Son capital est aujourd’hui abondé par les fonds Wellington Management Company LLP, Blackrock Inc., Passport Capital, Benchmark Capital… et des particuliers comme Dave Duffield, cofondateur et président du conseil d’administration de Workday, ou Marc Benioff, Président et CEO de Salesforce. La start-up a fait une entrée fracassante dans les colonnes des journaux économiques les plus sérieux en annonçant le 11 mars une levée de fonds de 115 millions de dollars. Soit en tout 250 millions de dollars de levés depuis la création de l’entreprise en 2007, alors que des entreprises françaises autant sinon plus méritantes comme Sellsy plafonne à 2 millions d’euros par levée. De quoi payer les meilleures agences de presse et de marketing dans tous les pays qui intéressent peu ou prou les investisseurs, et faire courir des bruits totalement déraisonnables sur la valorisation de l’entreprise – même les Echos s’y sont fait prendre, qui évoquent une valorisation qui « dépasserait le milliard de dollars ». Sans citer aucun résultat financier ni aucune source. Il faut dire que Zuora avait déjà fait la connaissance des journaux comme le FT ou le Guardian… en tant que clients, puisque l’éditeur est spécialisé dans les logiciels dédiés à l’économie de l’abonnement, entre CRM, facturation, relances et recouvrement.
Si aucun journal n’a pu avoir le chiffre d’affaires de Zuora… Zuora connaît celui de tous ses clients. En tant qu’entreprise, nous avons essayé de devenir clients de Zuora – ben oui, nous aussi on a des abonnements à gérer. Et dès les premiers échanges, lors d’un appel téléphonique mené à l’américaine, le représentant de Zuora nous a demandé notre chiffre d’affaires. Le commercial, basé au Royaume-Uni (comme indiqué en signature de ses courriels : Mobile +44(0)797939xxxx, Office : +44(0)20364xxxxx, 25 North Row – Mayfair, London – W1K 6DJ ), nous a fait comprendre qu’on ne pourrait pas avoir de devis sans communiquer cette information.

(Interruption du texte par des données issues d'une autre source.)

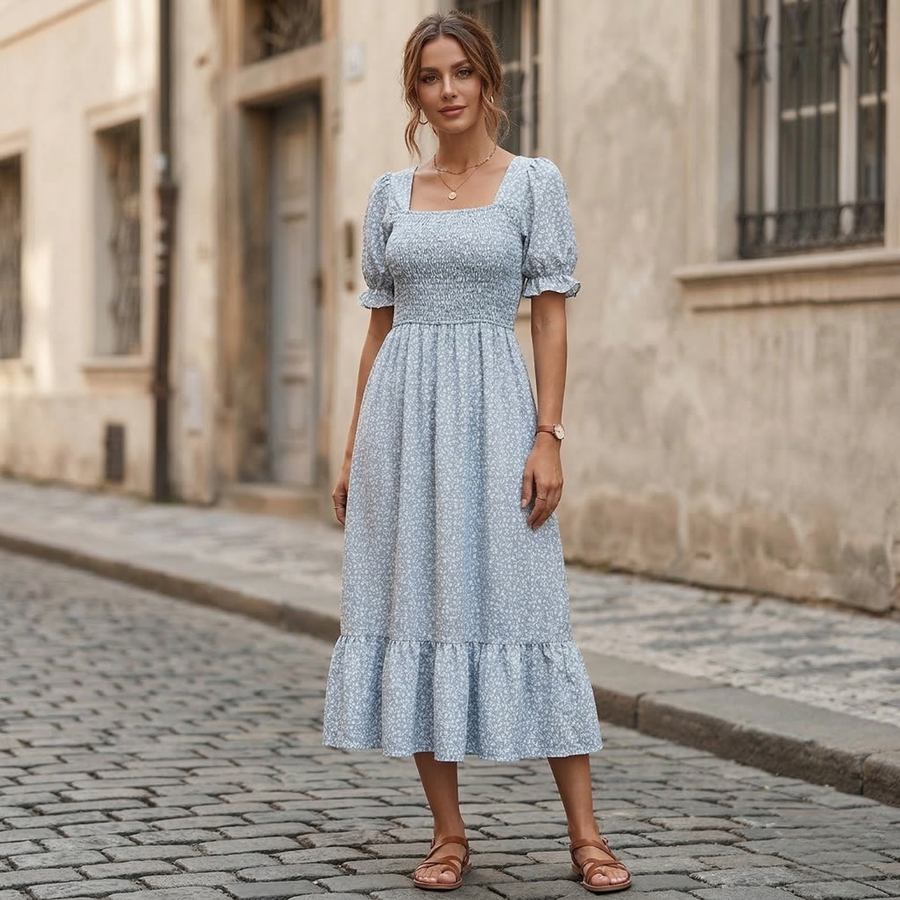 ALORA | SQUARE NECK MIDI DRESS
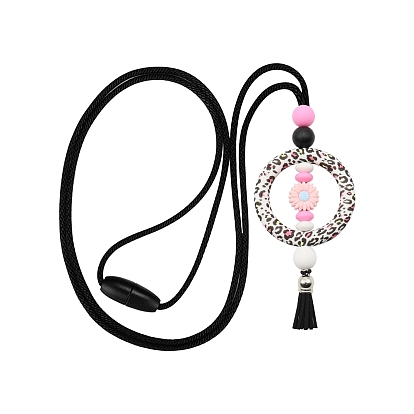 Silicone Beads Hanging Accessories, Rear View Mirror Accessories, Silicone Ring Pendant Necklaces, Sunflower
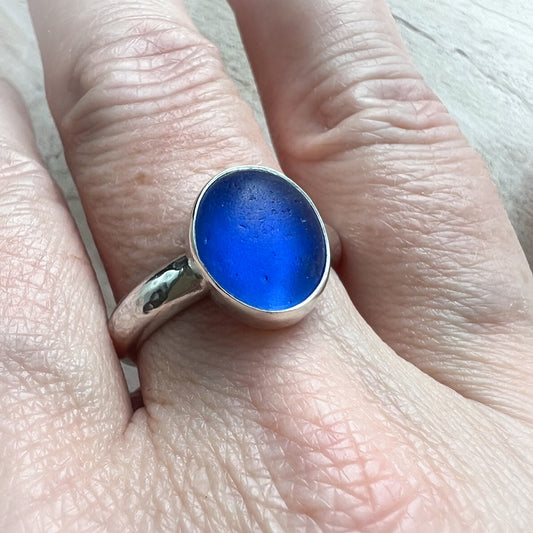 Sapphire Blue Sea Glass Ring, Size 9.5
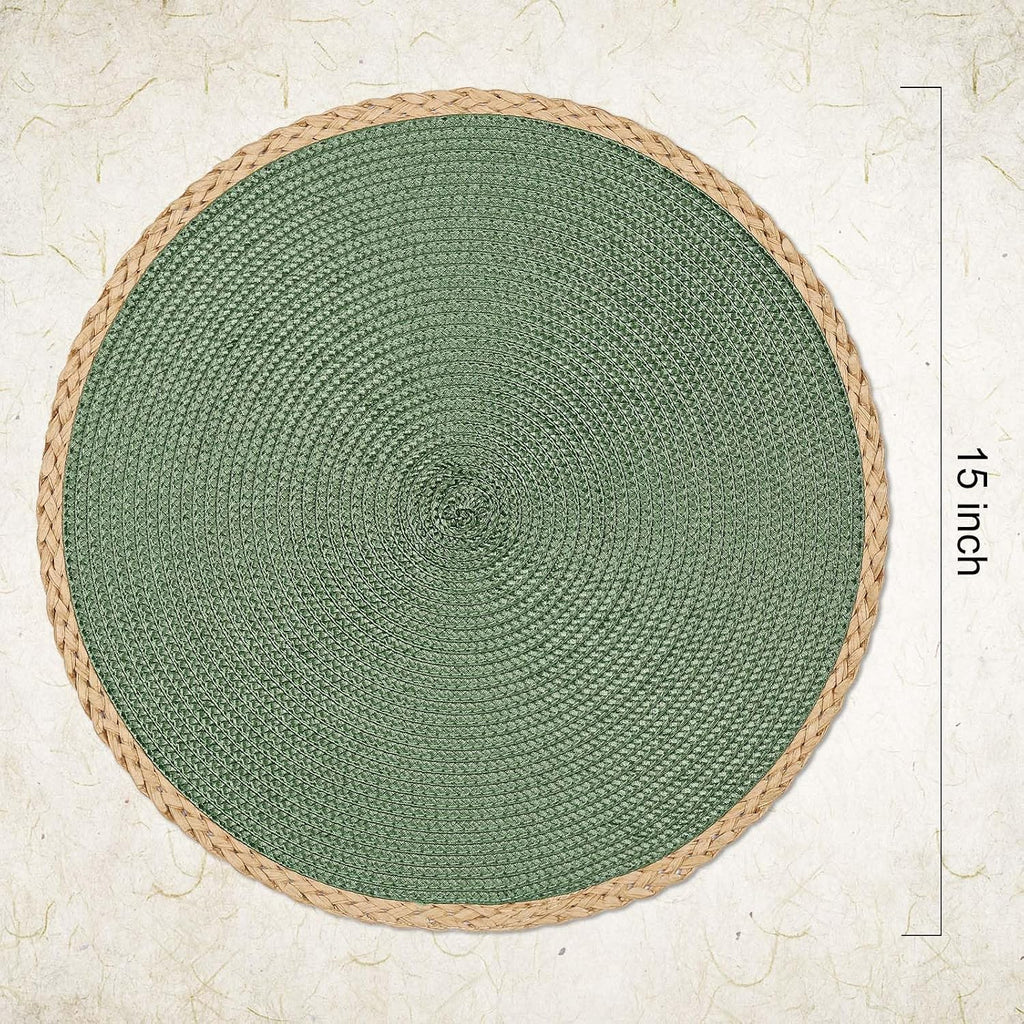 Round Placemats, Woven Table Mats, Thin Edge, Green - Set of 6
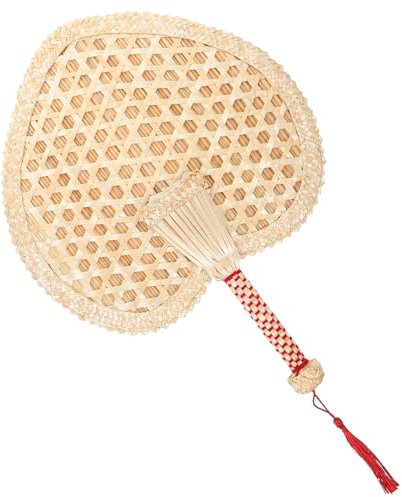 GARVALON 1 Fächer Mit Design Kreativer Pu-handgefertigter Webfächer Foto-Requisite Vintage-Stil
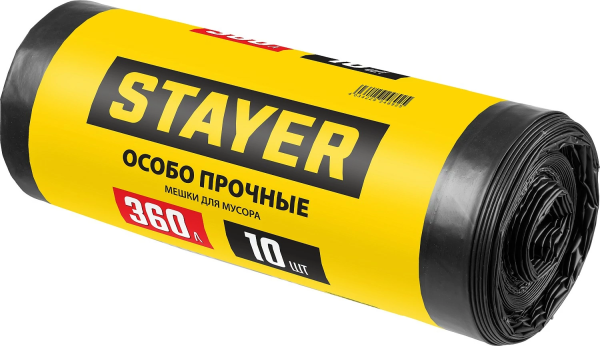 Мешки для строительного мусора STAYER HEAVY DUTY, особопрочные, черные, 360л, 10ш, 39157-360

Sollicitée par nos soins, l’agence de presse en charge de Zuora en France nous assure pourtant que « la prospection du marché français se fait principalement depuis la France ». Et se garde bien de répondre à notre question, pourtant simple : peut-on interviewer leurs clients français ?
Pas de réponse. Ce qu’on attend d’un journaliste, c’est de relayer la mirifique levée de fonds, et de ne pas poser de questions.
Bref, de ne surtout pas ouvrir la boîte noire avant l’entrée en bourse. Par respect pour le story telling.